B17 - Fair value continued

· Equity release and securitised mortgage loans held by our UK Life business amounting to £7.3 billion (FY15: £6.7 billion) comprise:

-    £4.7 billion (FY15: £4.3 billion) of equity release mortgages held by our UK Life annuity business valued using an internal model. Inputs to the model include property growth rates, mortality and morbidity assumptions, cost of capital and liquidity premium which are not deemed to be market observable. Whilst the long-term property growth assumption is approximately 4% per annum, the valuation at 30 June 2016 reflects an immediate c.10% decrease in property value in light of the UK referendum vote for the UK to leave the European Union.

-    £2.6 billion (FY15: £2.4 billion) of securitised and equity release mortgages are valued using a discounted cash flow model. The inputs include liquidity risk and property risk premium which are deemed unobservable. The liquidity premium used ranges between 183 bps to 214 bps.

· Collateralised non-recourse loans of £0.6 billion (FY15: £0.6 billion) have been valued using internally developed models incorporating a significant number of modelling assumptions including the probability of counterparty default and the expected loss in the event of counterparty default. These inputs are deemed unobservable.

(iii) Debt securities

· Privately placed notes held by our UK Life business of £4.0 billion (FY15: £3.3 billion) have been valued using broker quotes or a discounted cash flow model using discount factors based on swap curves of similar maturity, plus internally derived spreads for credit risk. As these spreads have been deemed to be unobservable these notes have been classified as Level 3.

· Structured bond-type and non-standard debt products held by our business in France amounting to £6.5 billion (FY15: £5.8 billion) and bonds held by our UK business of £2.5 billion (FY15: £2.2 billion) have no active market. These debt securities are valued either using counterparty or broker quotes and validated against internal or third-party models. These bonds have been classified as Level 3 because either (i) the third-party models included a significant unobservable liquidity adjustment, or (ii) differences between the valuation provided by the counterparty and broker quotes and the validation model were sufficiently significant to result in a Level 3 classification.

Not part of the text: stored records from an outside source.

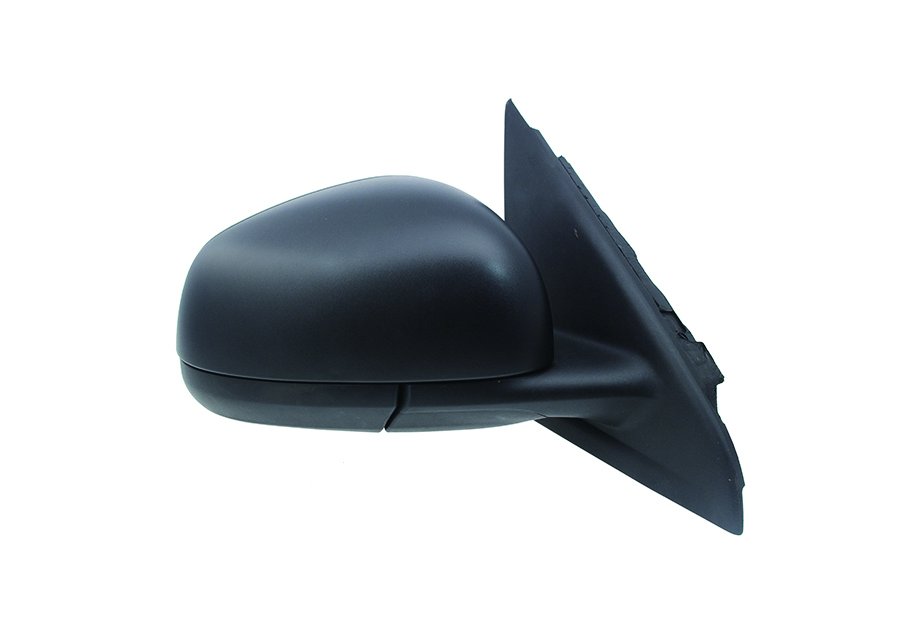 ALKAR Sidespejl 6165191 højre for RENAULT SMART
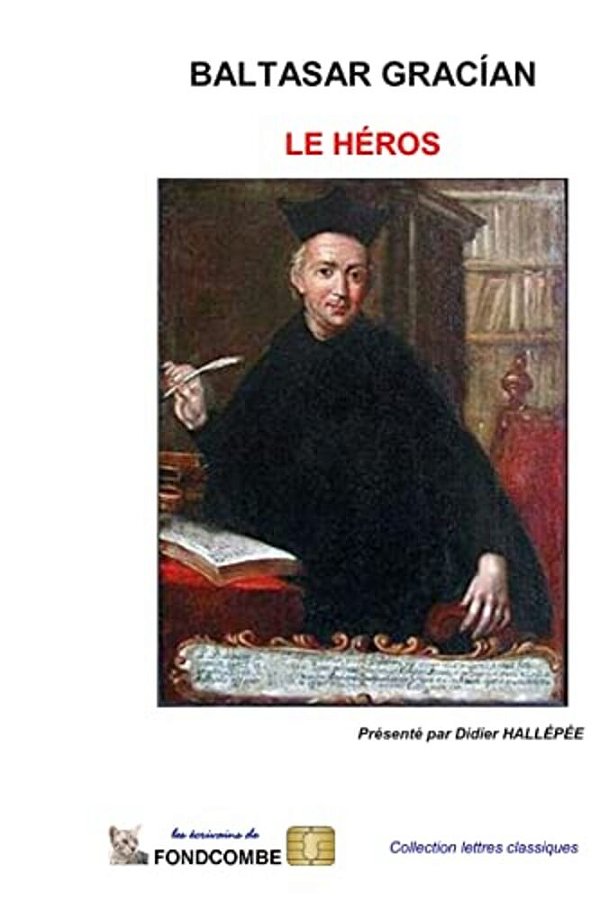Le Héros-..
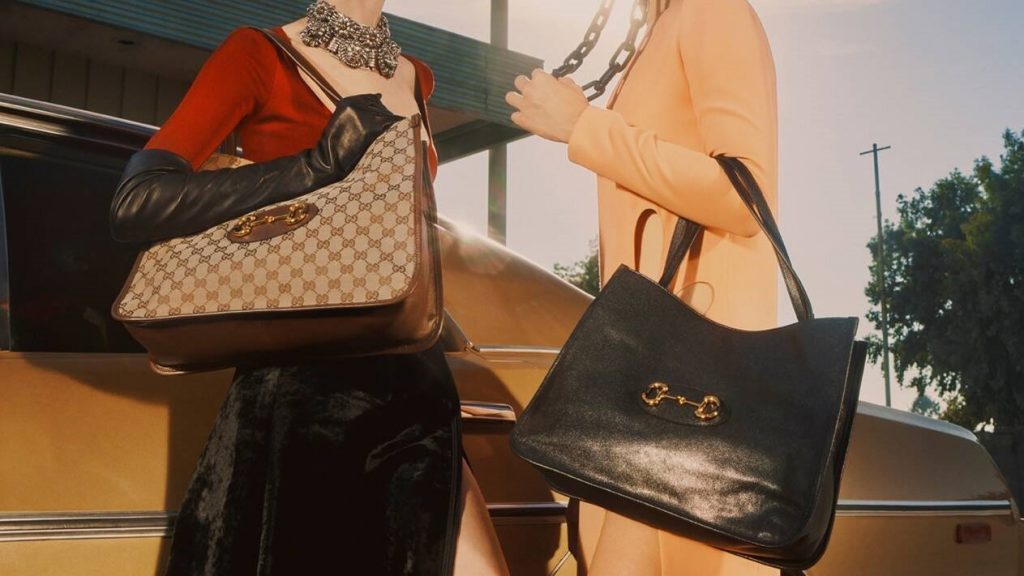 Hinh anh 5: Cac size tui hang hieu pho bien, dau la size tui phu hop nhat voi nguoi Viet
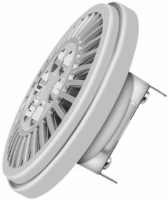 Фото - Лампочка Osram PARATHOM PRO AR111 12.5W 2700K G53 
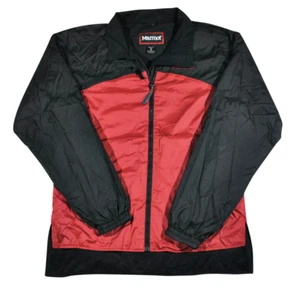 Vintage Marmot Jacket Size Medium - Picture 1 of 2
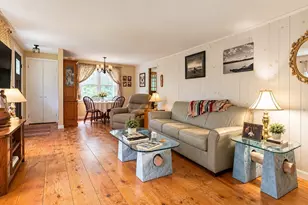 355 Coy Hill Rd, Warren, MA 01083 - Photo 4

· Collateralised loan obligations of £0.4 billion (FY15: £0.4 billion) have been valued using internally developed discounted cash flow models incorporating a significant number of modelling assumptions and unobservable market data including assumptions regarding correlation among the underlying loans, a probability of default and liquidity premium.

· Corporate debt securities held by our French business of £1.4 billion (FY15: £1.5 billion) and debt securities of £0.9 billion held by our UK and Asia businesses (FY15: £0.9 billion) which are not traded in an active market have been valued using third party or counterparty valuations. These prices are considered to be unobservable due to infrequent market transactions.

(iv) Equity securities

· Equity securities which primarily comprise private equity holdings of £0.8 billion (FY15: £0.8 billion) held in the UK are valued by a number of third party specialists. These are valued using a range of techniques, including earnings multiples, forecast cash flows and price/earnings ratios which are deemed to be unobservable.

(v) Other investments

· The following Other investments are valued based on external valuation reports received from fund managers:

-    Private equity investment funds amounting to £1.4 billion (FY15: £1.4 billion);

-    Other investment funds including property funds amounting to £0.9 billion (FY15: £1.0 billion);

-    External hedge funds held principally by businesses in the UK and France amounting to £0.4 billion (FY15: £0.5 billion); and

-    Discretionary managed funds held in Asia amount to £1.3 billion (FY15: £1.2 billion).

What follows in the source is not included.